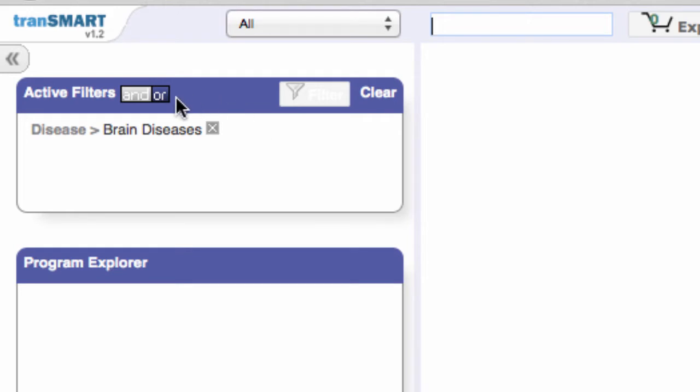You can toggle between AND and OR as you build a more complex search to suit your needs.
==
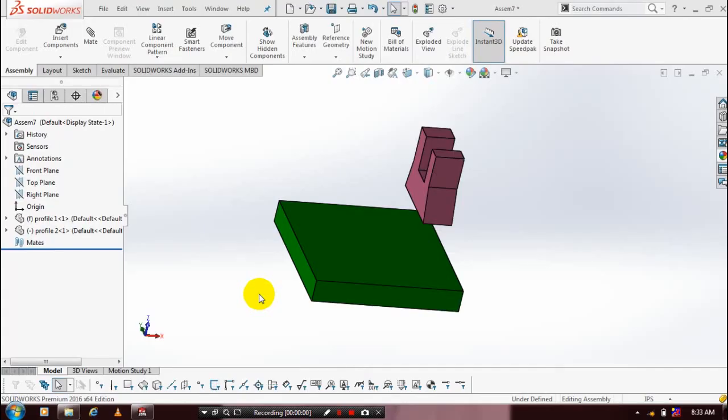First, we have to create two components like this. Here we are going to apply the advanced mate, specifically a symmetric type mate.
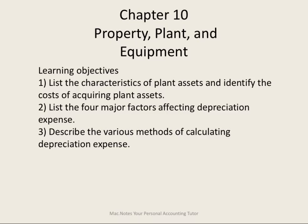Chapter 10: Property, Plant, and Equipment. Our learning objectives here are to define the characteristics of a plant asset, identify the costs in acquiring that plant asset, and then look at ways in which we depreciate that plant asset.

WORK TASK » Among the entries above, locate the line with "First, we have" and the line with "Chapter 10: Property, Plant, and". Give those two lines and all lines between them again, exactly, leaving out the pictures.

ANSWER TO THIS EXERCISE »
First, we have to create two components like this. Here we are going to apply the advanced mate, specifically a symmetric type mate.
Chapter 10: Property, Plant, and Equipment. Our learning objectives here are to define the characteristics of a plant asset, identify the costs in acquiring that plant asset, and then look at ways in which we depreciate that plant asset.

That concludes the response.